Record extracts:

□ □ □

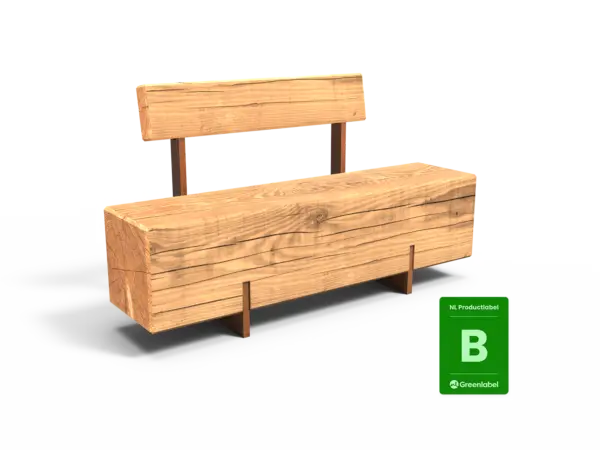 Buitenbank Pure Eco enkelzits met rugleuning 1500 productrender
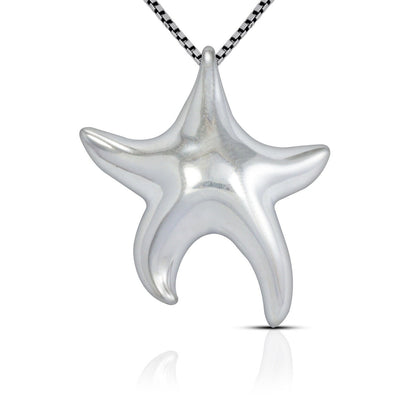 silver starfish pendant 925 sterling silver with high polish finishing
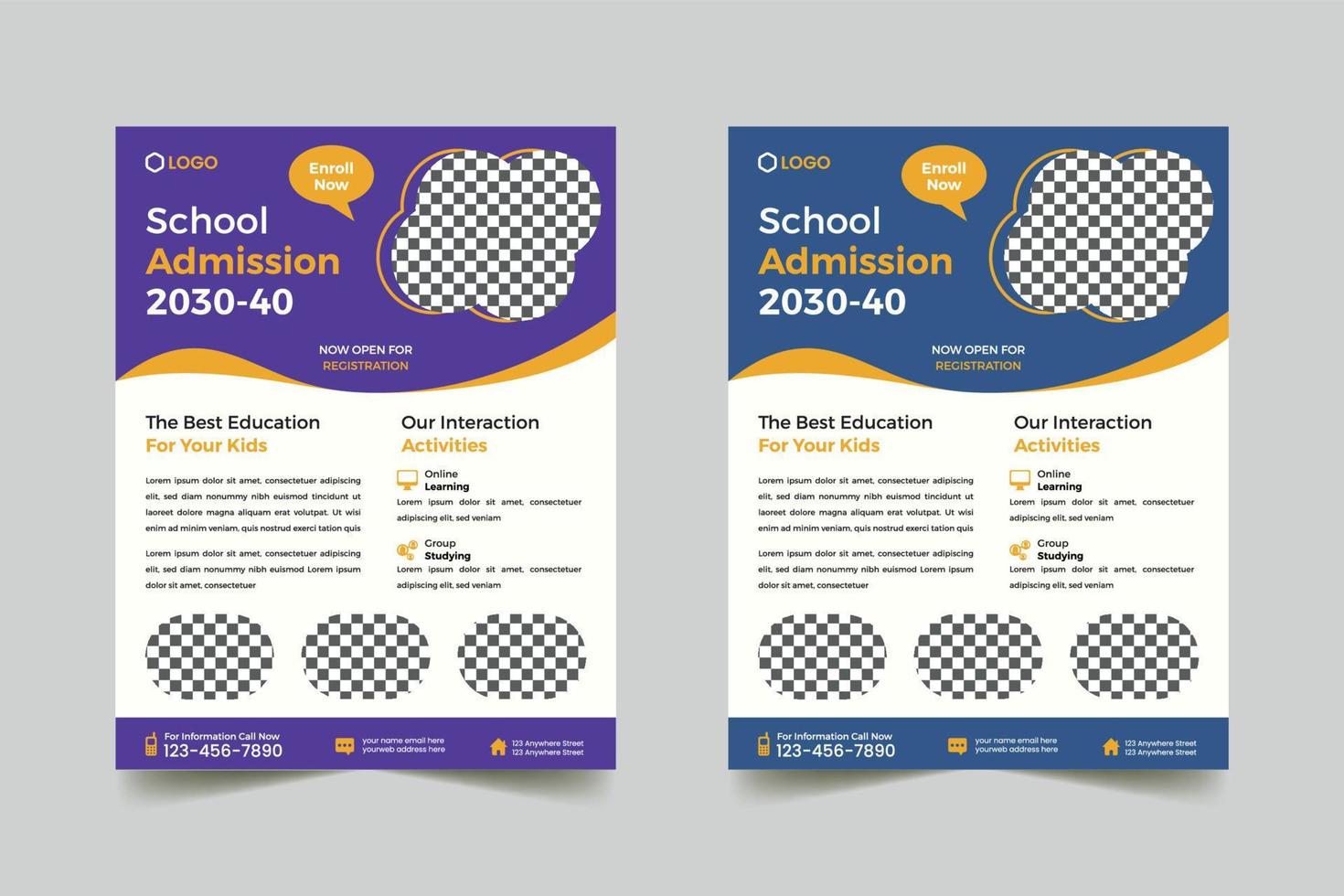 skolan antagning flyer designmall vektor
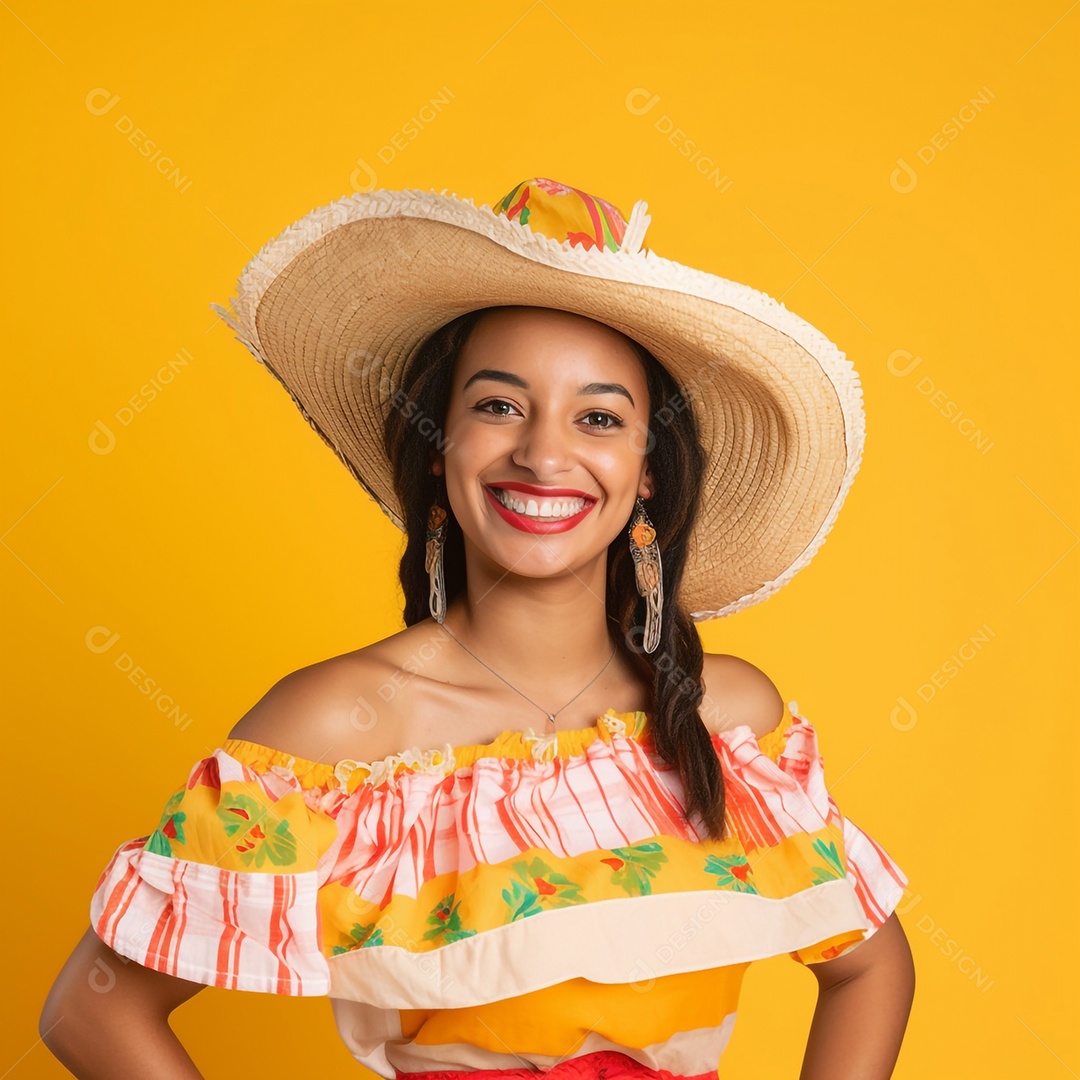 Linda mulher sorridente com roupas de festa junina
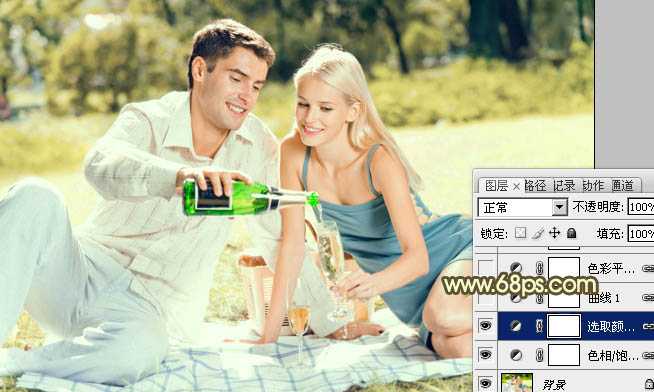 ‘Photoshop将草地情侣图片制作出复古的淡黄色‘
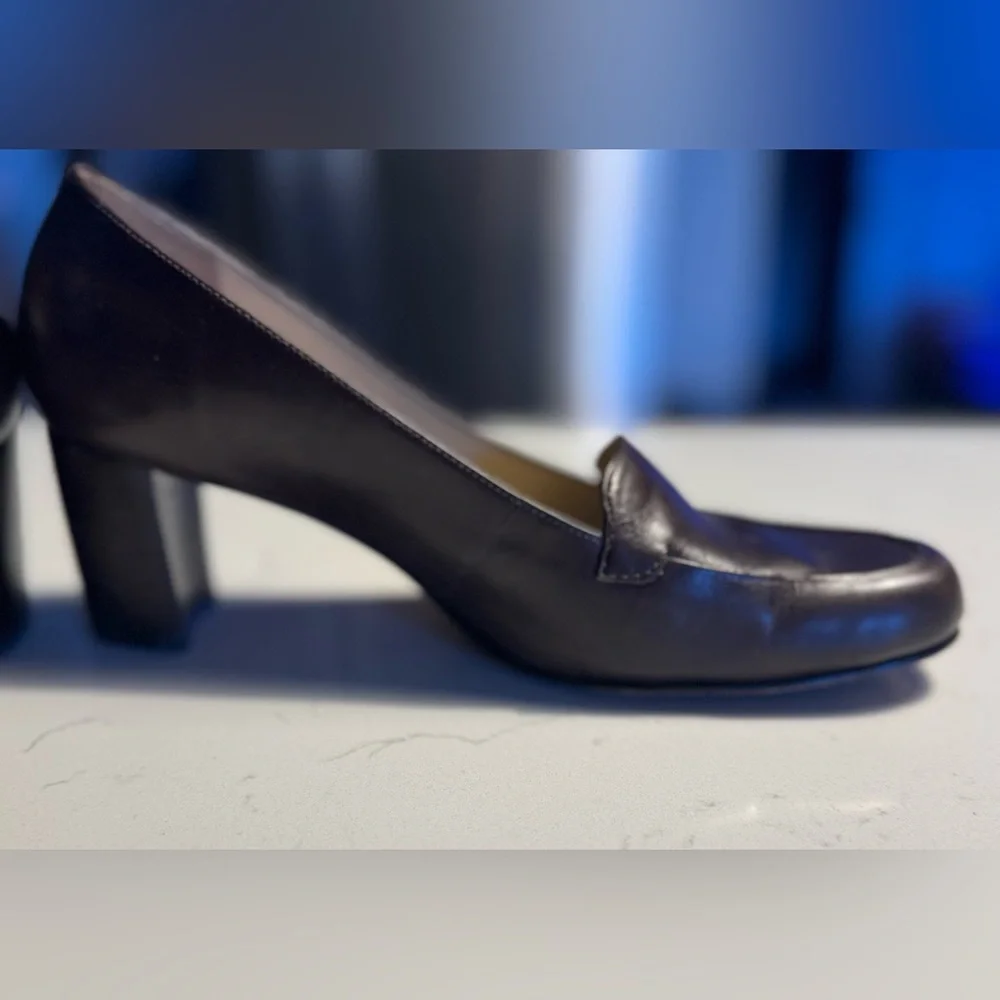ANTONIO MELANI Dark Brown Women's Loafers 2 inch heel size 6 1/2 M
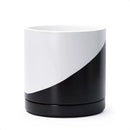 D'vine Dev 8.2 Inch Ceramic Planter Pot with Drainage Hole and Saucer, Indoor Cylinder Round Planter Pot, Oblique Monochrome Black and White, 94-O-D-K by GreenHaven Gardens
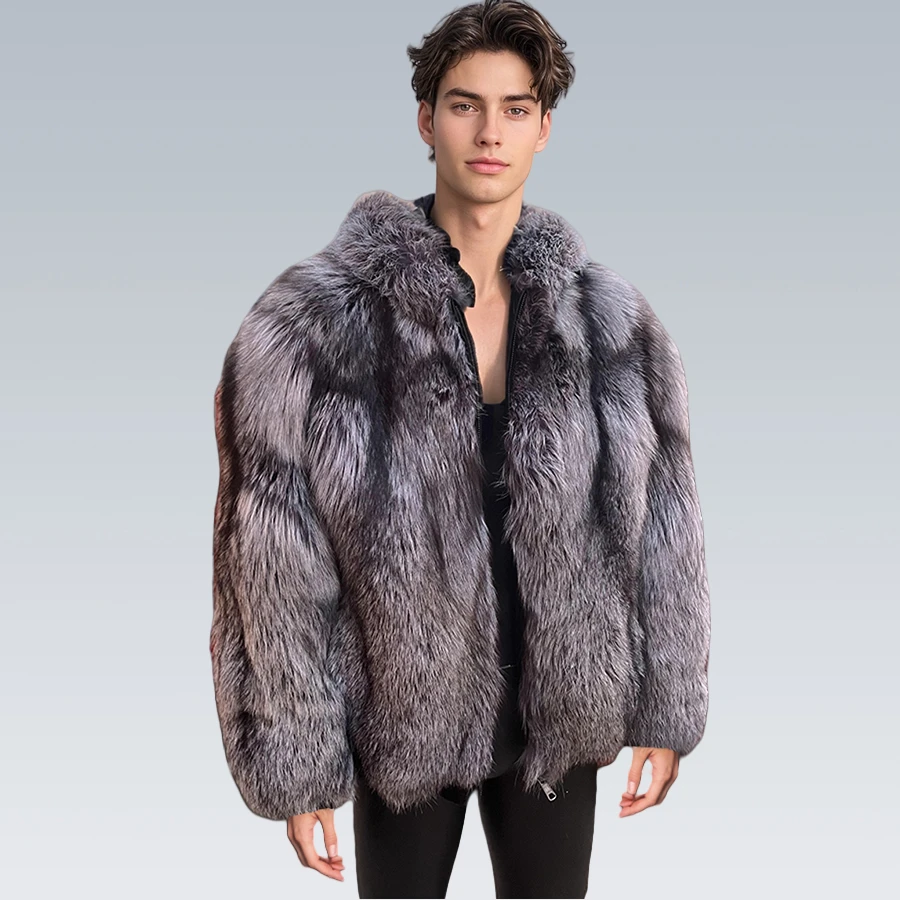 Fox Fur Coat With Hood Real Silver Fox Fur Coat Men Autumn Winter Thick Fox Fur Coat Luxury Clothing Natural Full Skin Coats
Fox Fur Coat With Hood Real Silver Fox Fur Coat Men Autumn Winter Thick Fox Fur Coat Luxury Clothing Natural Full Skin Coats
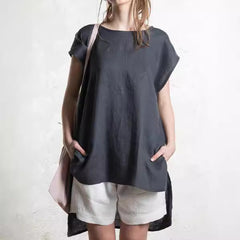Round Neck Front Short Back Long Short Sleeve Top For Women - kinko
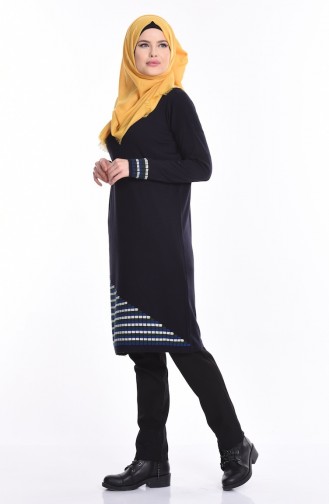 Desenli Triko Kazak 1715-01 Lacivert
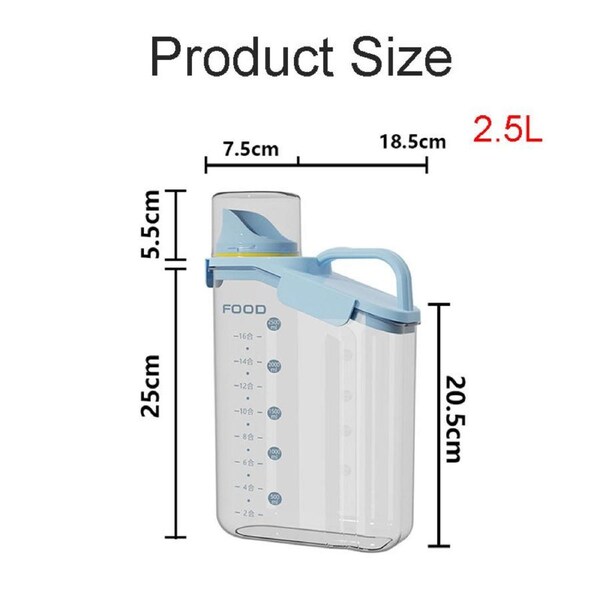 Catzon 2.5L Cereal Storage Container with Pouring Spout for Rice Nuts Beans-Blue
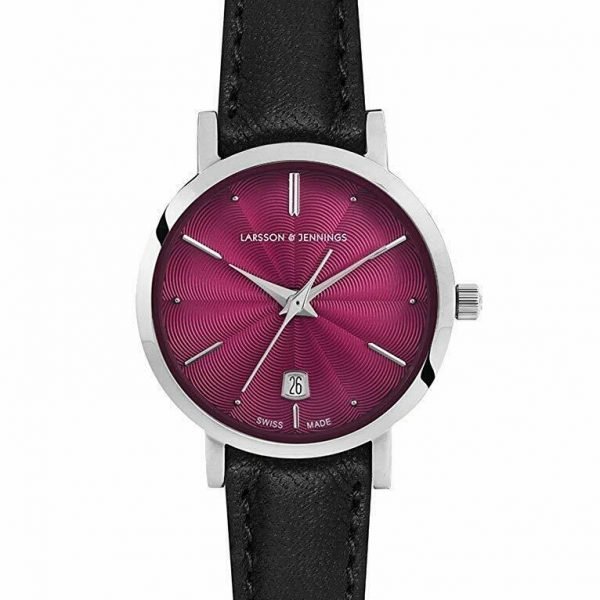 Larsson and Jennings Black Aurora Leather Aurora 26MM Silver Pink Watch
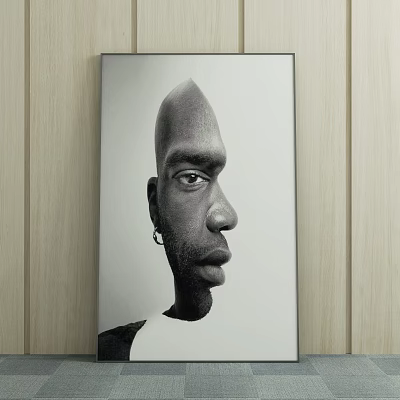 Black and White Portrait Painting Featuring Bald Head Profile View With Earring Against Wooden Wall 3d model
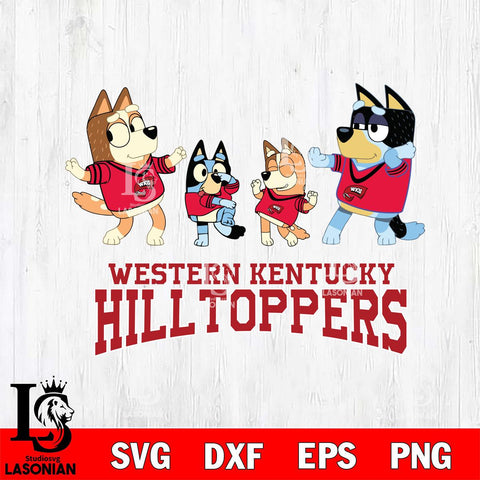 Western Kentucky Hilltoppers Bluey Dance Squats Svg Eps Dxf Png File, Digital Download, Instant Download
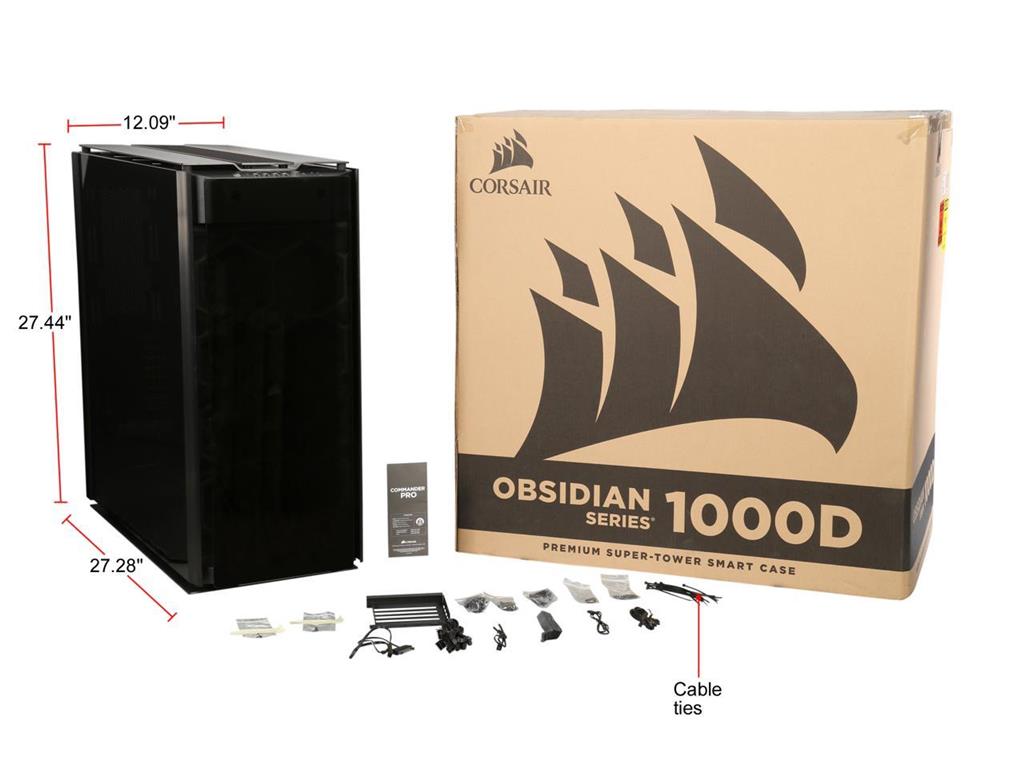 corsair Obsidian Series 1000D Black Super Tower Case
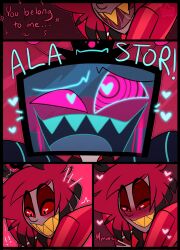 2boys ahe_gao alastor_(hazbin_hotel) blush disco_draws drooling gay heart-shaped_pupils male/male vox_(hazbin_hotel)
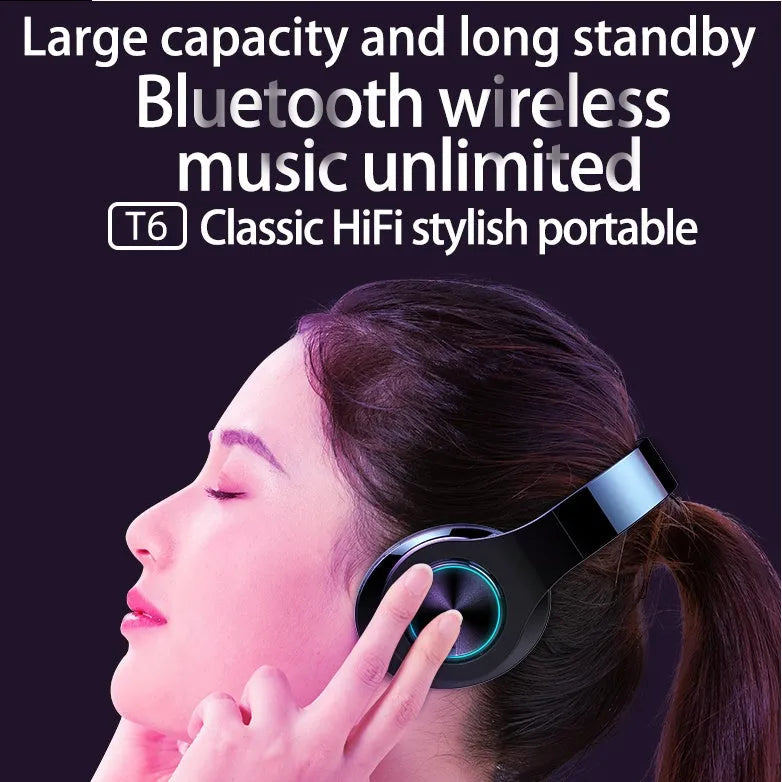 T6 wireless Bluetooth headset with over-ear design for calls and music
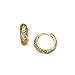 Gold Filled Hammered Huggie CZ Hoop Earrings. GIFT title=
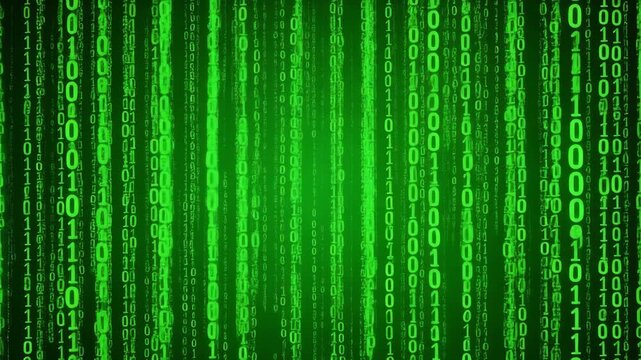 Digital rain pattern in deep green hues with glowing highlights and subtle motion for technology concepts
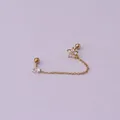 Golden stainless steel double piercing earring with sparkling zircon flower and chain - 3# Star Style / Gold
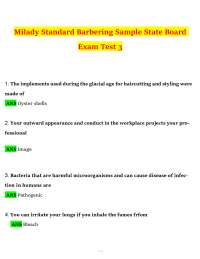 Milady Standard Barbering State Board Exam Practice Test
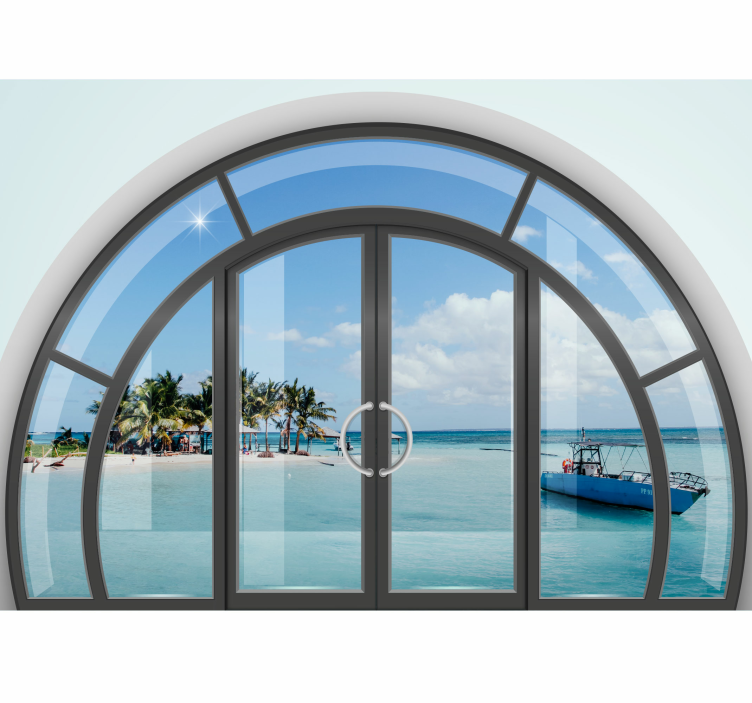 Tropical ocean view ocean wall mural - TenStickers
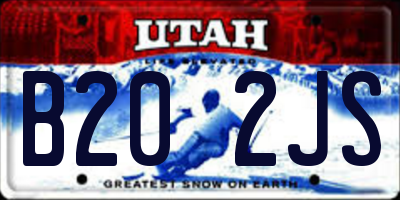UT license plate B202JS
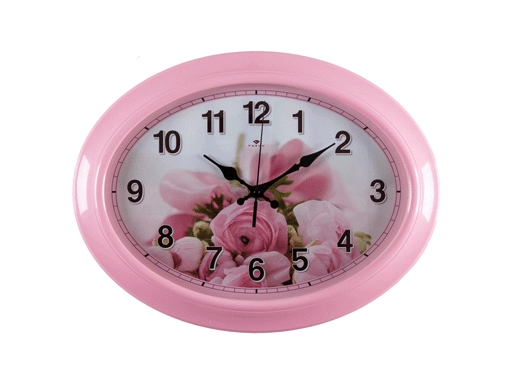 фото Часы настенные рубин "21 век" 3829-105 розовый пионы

□ □ □

Only the lines between the one containing "Golden stainless steel" and the last line of the listing above, both included, should be written out, exactly and without pictures.

 Golden stainless steel double piercing earring with sparkling zircon flower and chain - 3# Star Style / Gold
 Milady Standard Barbering State Board Exam Practice Test
 Tropical ocean view ocean wall mural - TenStickers
UT license plate B202JS
 фото Часы настенные рубин "21 век" 3829-105 розовый пионы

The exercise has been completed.